If Thomas Burberry could have seen Christopher Bailey's parade of deshabillé nymphets today, he would been enthralled by the way his sturdy trench had been magicked into a sheer organdy wrap or a canvas for an impressionistic daub. Burberry was, after all, a man of prodigious, adventurous appetite. Ever since the spirit of Christine Keeler presided over the Burberry catwalk last fall, Bailey has given his collections an increasingly sensual gloss that the old man would have undoubtedly appreciated. And so must've Bradley Cooper as his squeeze Suki Waterhouse walked by in a sheer gold lace dress.

It's tempting to see Bailey's flex as a reaction to his promotion to CEO. Like the rules just changed in his playpen. Alternately, he's just getting older and more relaxed about everything, more prepared to push the boat out a little. Besides, today's dedicatees, "the Bloomsbury Girls," did summon up visions of the sort of free-lovin' boho popsies who might have circled the Bloomsbury Group itself, that set of writers, artists, and thinkers who fancied themselves as arbiters of aestheticism in early-twentieth-century Britain. Burberry has recently partnered with the trust that works to preserve Charleston, the country estate that functioned as the Bloomsbury Group's heart and soul. It's clearly a commitment that is dear to Bailey's heart. He's an ardent collector of Bloomsbury artists like Duncan Grant.

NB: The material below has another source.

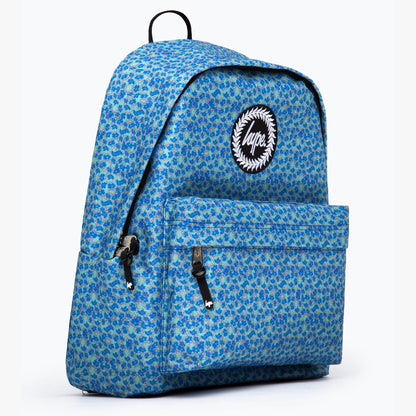 Blue-Green - Side - Hype Ditsy Floral Backpack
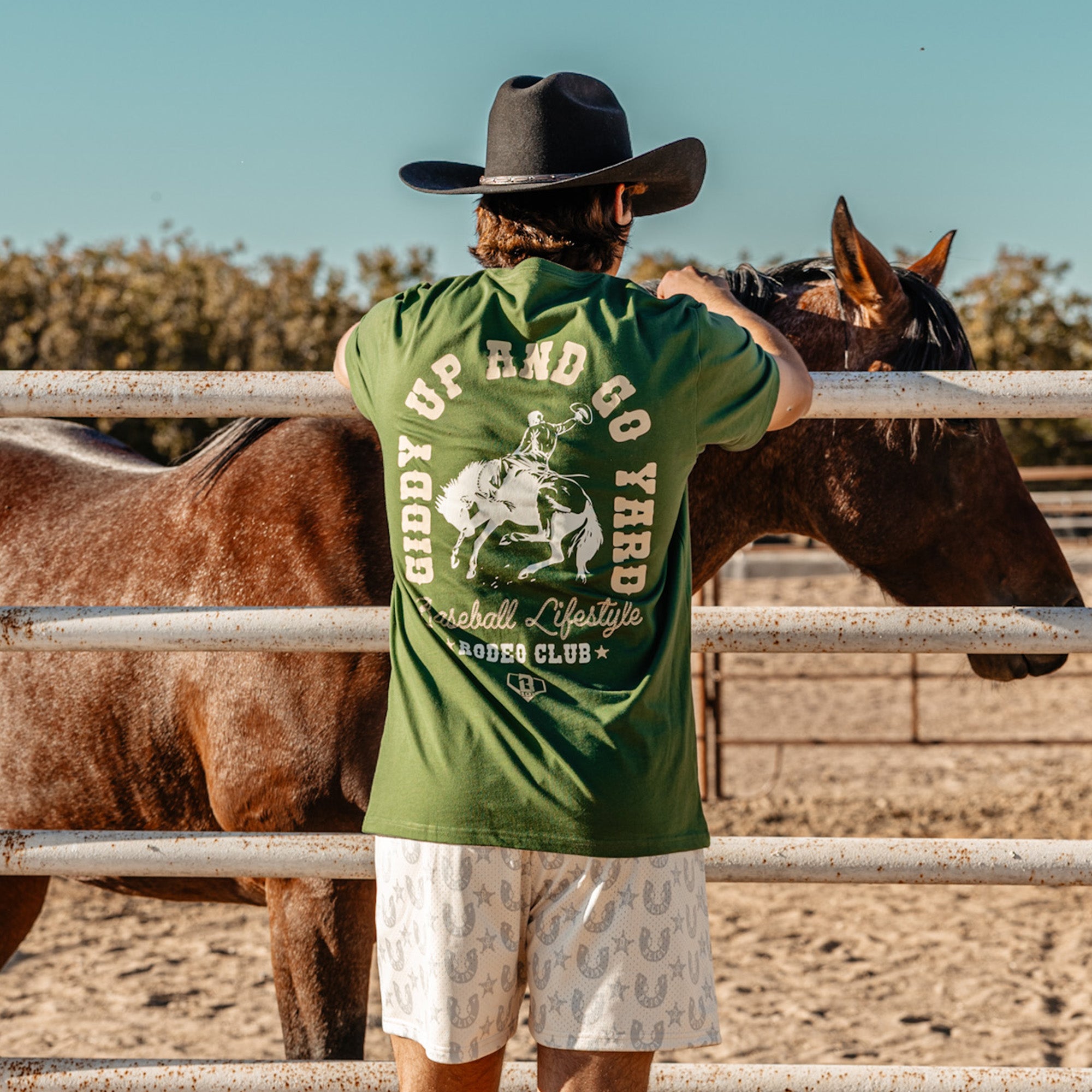 BL101 Rodeo Club Tee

But today, it was the turn of the popsies to impress themselves on the Burberry audience. In their flimsy, colorfully hand-painted finery, they were quintessential artists' muses, women who would arise from their pose, casually drape themselves in a cashmere blanket or throw on a mohair coat, and go for a wander in the garden. When something more decorous was called for, Bailey offered languidly proper dresses in crepe. Waists were high, bodices were shirred, lengths were long.

There are collections when you can feel Bailey going through the motions, feeding the massive machine that Burberry has become, but here there was a sense of fun being had. There was still an enormous weight of merchandise, with all the hand-painted bags and shoes and tapestry totes and scarves and blankets and toggled belts, but it didn't feel as programmed as it can. The hand and the heart were at work, too.